Pictures stay out of the answer, but every line of the material must be restated exactly.

Stored data:
★ ★ ★ ★ ★
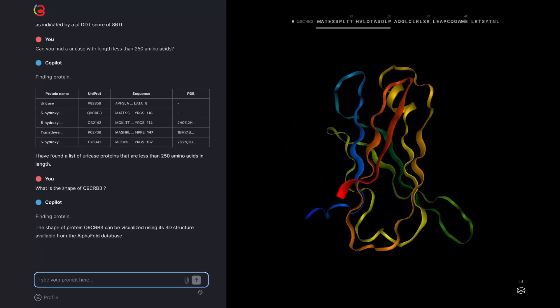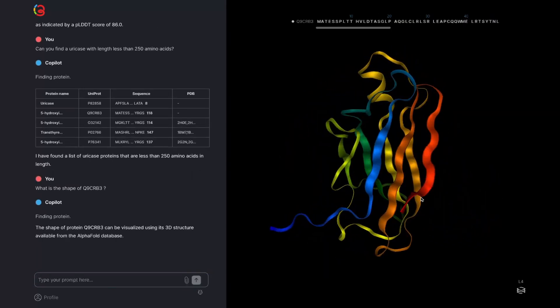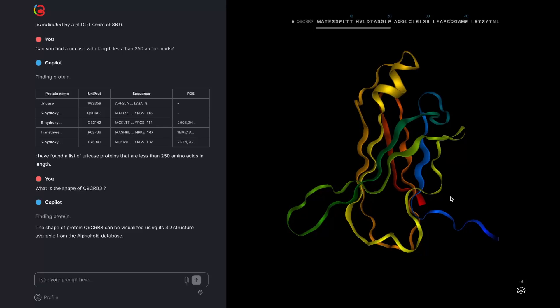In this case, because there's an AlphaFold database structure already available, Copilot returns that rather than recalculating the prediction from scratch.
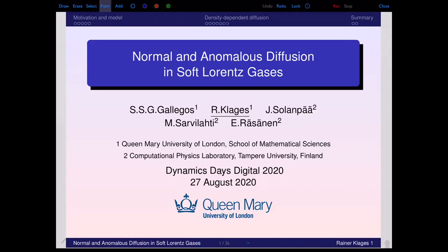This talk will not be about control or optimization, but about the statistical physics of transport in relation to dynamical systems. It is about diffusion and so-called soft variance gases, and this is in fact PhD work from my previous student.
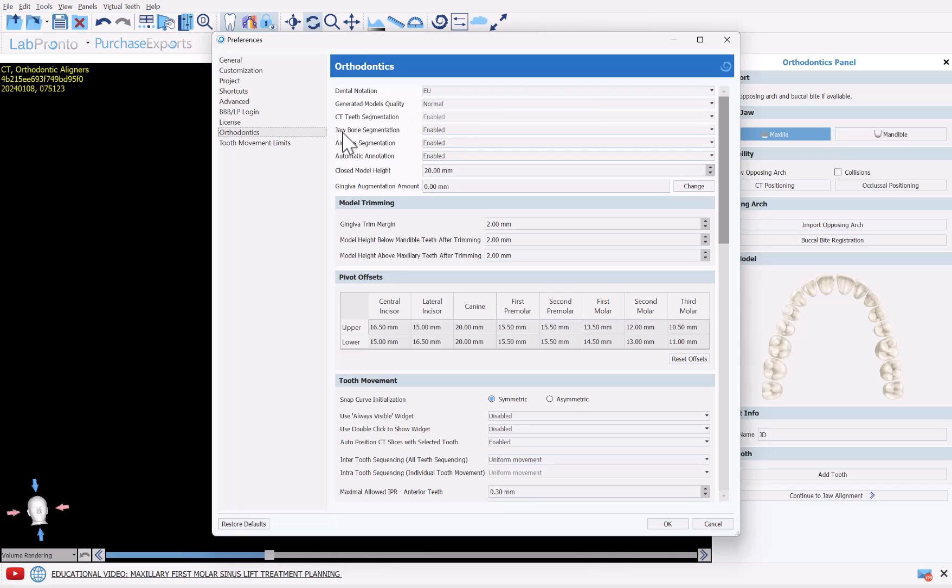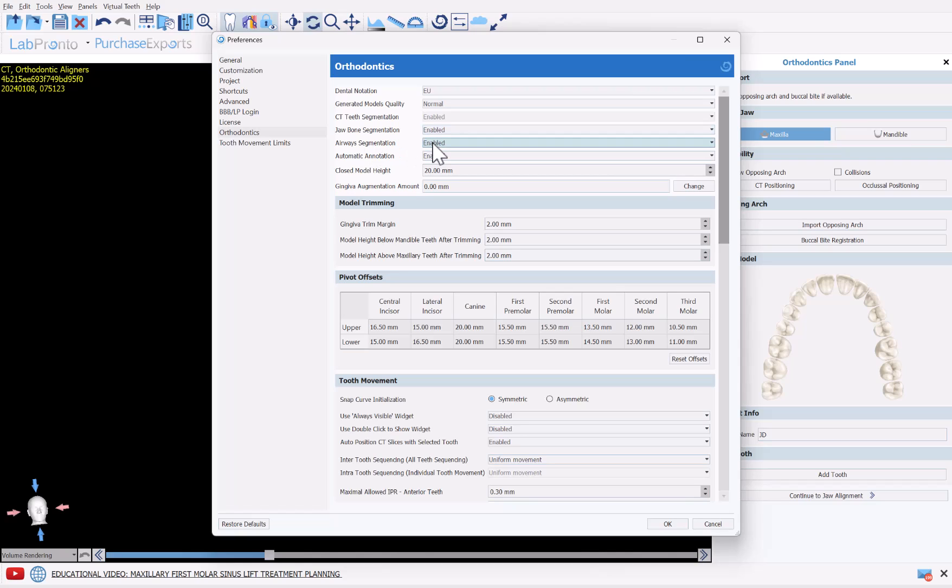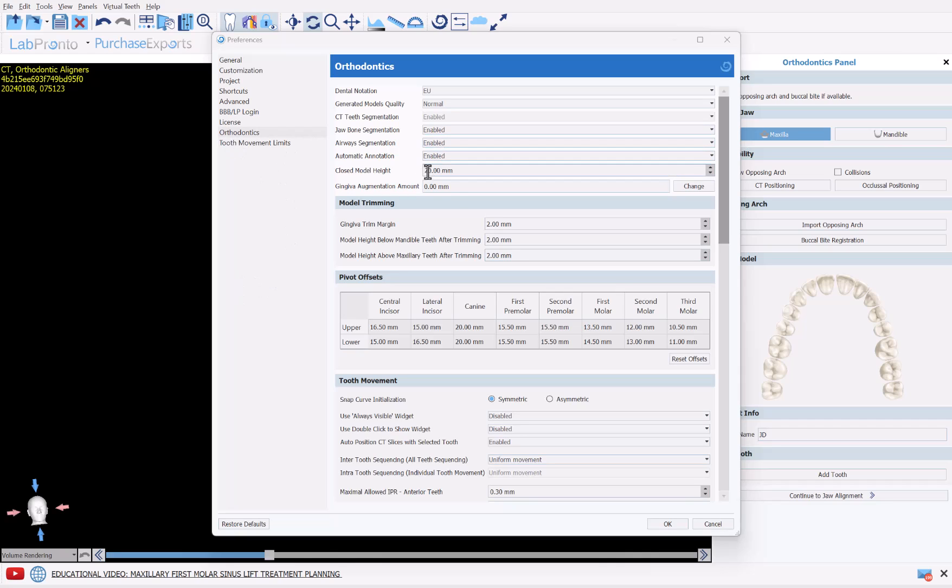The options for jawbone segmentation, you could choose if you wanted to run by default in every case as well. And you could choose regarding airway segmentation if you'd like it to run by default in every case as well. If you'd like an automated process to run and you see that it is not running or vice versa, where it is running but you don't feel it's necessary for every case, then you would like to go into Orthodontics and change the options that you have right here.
★ ★ ★ ★ ★
Solution:
In this case, because there's an AlphaFold database structure already available, Copilot returns that rather than recalculating the prediction from scratch.
This talk will not be about control or optimization, but about the statistical physics of transport in relation to dynamical systems. It is about diffusion and so-called soft variance gases, and this is in fact PhD work from my previous student.
The options for jawbone segmentation, you could choose if you wanted to run by default in every case as well. And you could choose regarding airway segmentation if you'd like it to run by default in every case as well. If you'd like an automated process to run and you see that it is not running or vice versa, where it is running but you don't feel it's necessary for every case, then you would like to go into Orthodontics and change the options that you have right here.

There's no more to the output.